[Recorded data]
[Start of section]

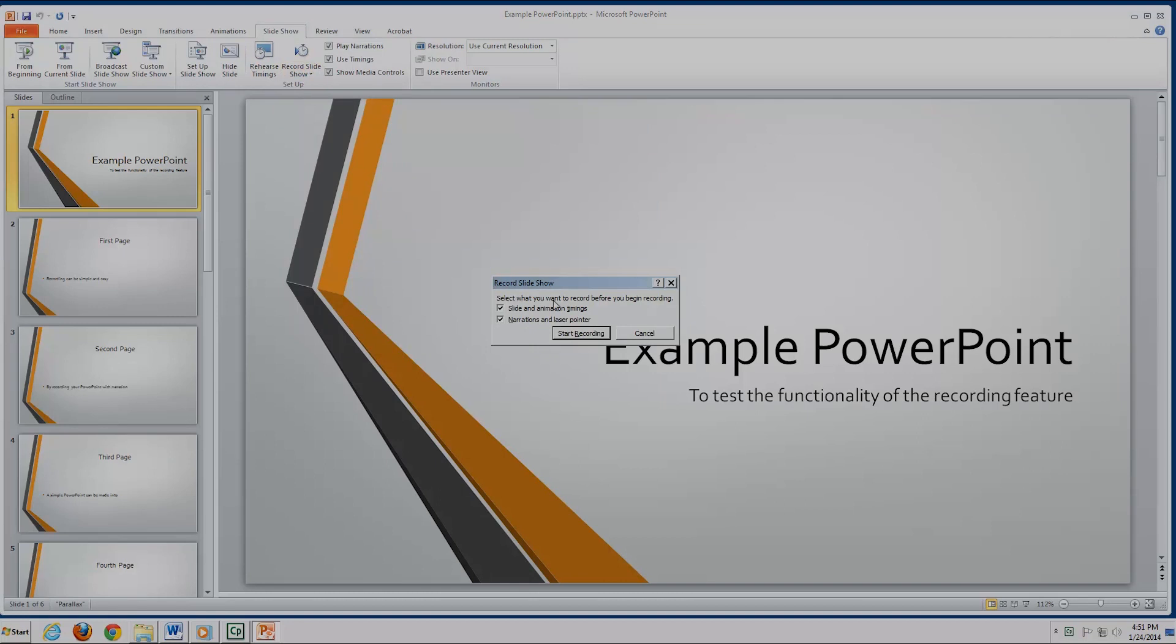Once pressed, a window pops up with two options. The first is a checkbox that includes a slideshow and animations for it. The second box includes a narration and a laser pointer, if you have a laser pointer built specifically for PowerPoint.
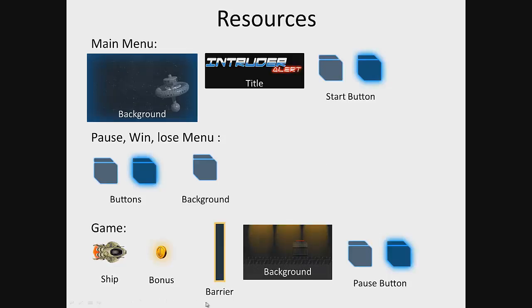In the next lesson we will prepare the application resources and create our project. I look forward to seeing you there.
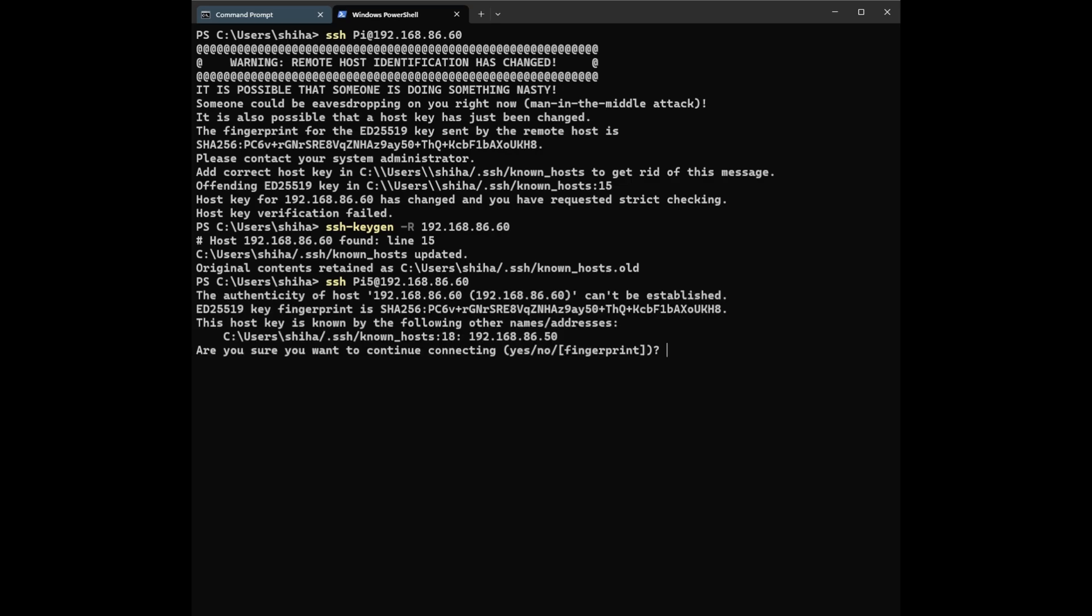You can see now we get a new fingerprint. Type yes and the password to login. The password is pi.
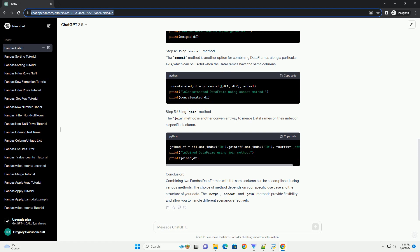Requirements. Step 1, importing necessary libraries. Step 2, creating sample data frames. Let's create two sample data frames to demonstrate the merging process. Step 3,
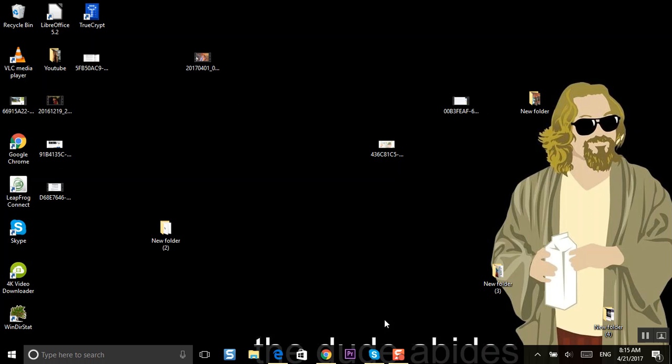What's up Adam? Once again I am Nev from NevstackBits and today I want to show you how you can change the letter of your USB drive.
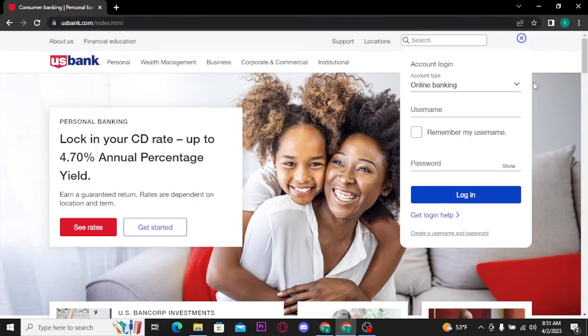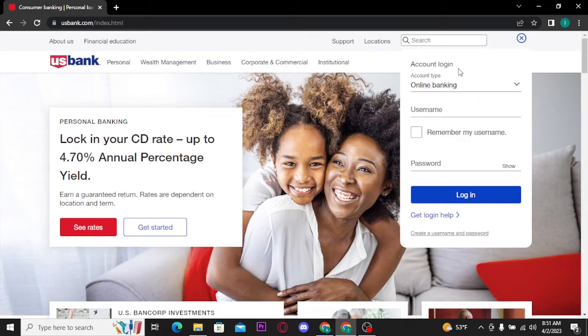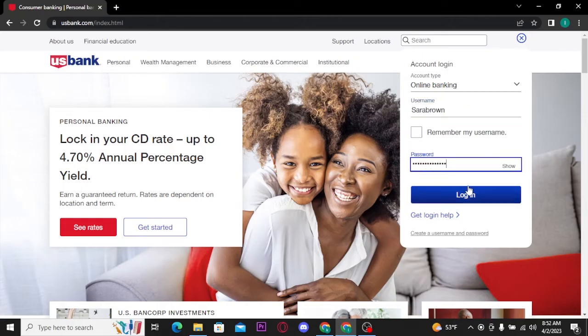Now, in the box, tap on this down-facing arrow to choose your account type. Once you choose your account type, type in your username. If you want to double-check your password, then you can tap on the show button.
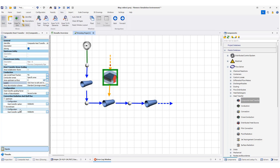In the properties table, I can define the upstream and downstream entity and the mechanism for the heat transfer — conduction, convection, whatever. Now, as you can see, we have layers for the conduction. If I click on that...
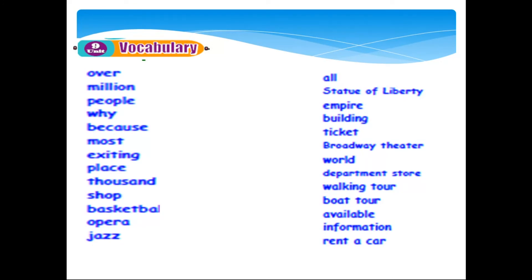Rent a car. The Broadway Theater is a place, and the Statue of Liberty is also a place. The Empire State Building is a skyscraper — 441 meters high. It's an alpha place.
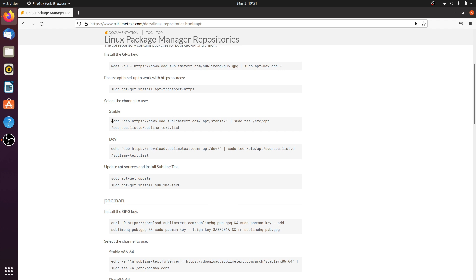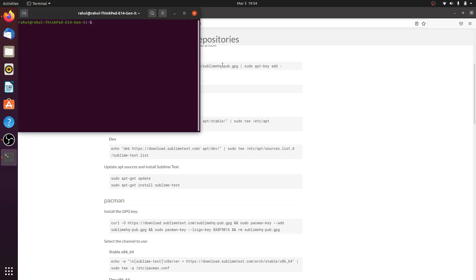There are five to six commands available to install Sublime in Ubuntu. Copy and paste these commands into the terminal.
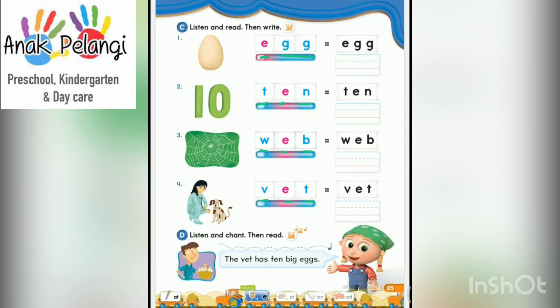Part D: Listen and chant, then read. The vat has ten big eggs. The vat has ten big eggs.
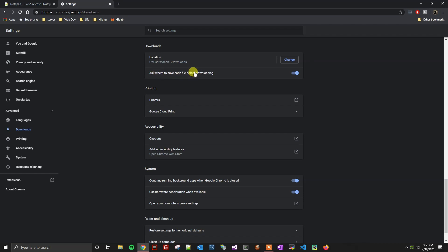I don't want it to ask me each time, so I'm going to toggle this to the left so that it is off just by clicking on it. Then I'm going to confirm the location that I want to be downloaded, which is my user profile in the downloads folder. Now that this has been selected, it saves automatically.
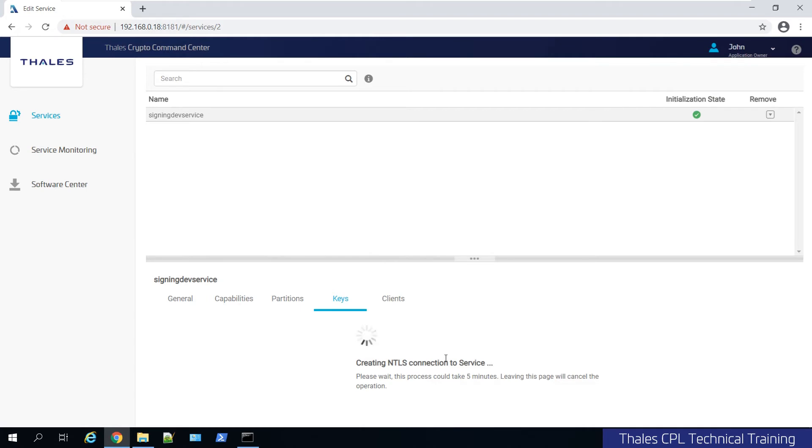But that's generally it. Now the plan in the future is to be able to generate, let's say, a public private key pair or a certificate request, things like that, all within CCC using of course the crypto officer credentials.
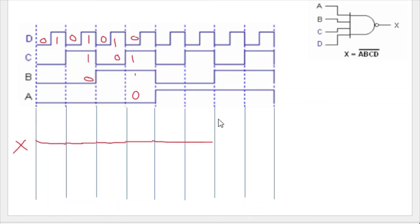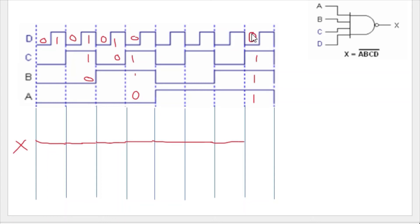Now a is one and b is one, so we check c — c is zero until this value, so the output remains one. Then a is one, b is one, c is one, but at this pulse d is zero, so the output remains one until this value. Since here all four inputs become one, the output becomes zero. This is your output waveform.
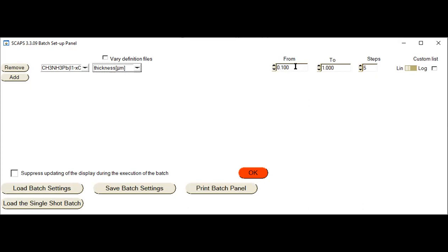You can see there is a range with a starting point and an ending point. A person can set any range from start to end for their batch calculation and simulation. The next step is to set how many steps you want to compute your batch calculation in. I am going to set five steps, so by default my SCAPS simulation tool will provide five steps for computation of thickness variation — its effect on performance — from a range of 100 micrometers to 1000 micrometers. Then you need to click the OK button.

[End of section]

● Description of the task
Print the entries as they stand, first line through the line holding "But that's generally", with every picture removed.

● Written response
Once pressed, a window pops up with two options. The first is a checkbox that includes a slideshow and animations for it. The second box includes a narration and a laser pointer, if you have a laser pointer built specifically for PowerPoint.
In the next lesson we will prepare the application resources and create our project. I look forward to seeing you there.
You can see now we get a new fingerprint. Type yes and the password to login. The password is pi.
Requirements. Step 1, importing necessary libraries. Step 2, creating sample data frames. Let's create two sample data frames to demonstrate the merging process. Step 3,
What's up Adam? Once again I am Nev from NevstackBits and today I want to show you how you can change the letter of your USB drive.
Now, in the box, tap on this down-facing arrow to choose your account type. Once you choose your account type, type in your username. If you want to double-check your password, then you can tap on the show button.
In the properties table, I can define the upstream and downstream entity and the mechanism for the heat transfer — conduction, convection, whatever. Now, as you can see, we have layers for the conduction. If I click on that...
Rent a car. The Broadway Theater is a place, and the Statue of Liberty is also a place. The Empire State Building is a skyscraper — 441 meters high. It's an alpha place.
There are five to six commands available to install Sublime in Ubuntu. Copy and paste these commands into the terminal.
Part D: Listen and chant, then read. The vat has ten big eggs. The vat has ten big eggs.
I don't want it to ask me each time, so I'm going to toggle this to the left so that it is off just by clicking on it. Then I'm going to confirm the location that I want to be downloaded, which is my user profile in the downloads folder. Now that this has been selected, it saves automatically.
But that's generally it. Now the plan in the future is to be able to generate, let's say, a public private key pair or a certificate request, things like that, all within CCC using of course the crypto officer credentials.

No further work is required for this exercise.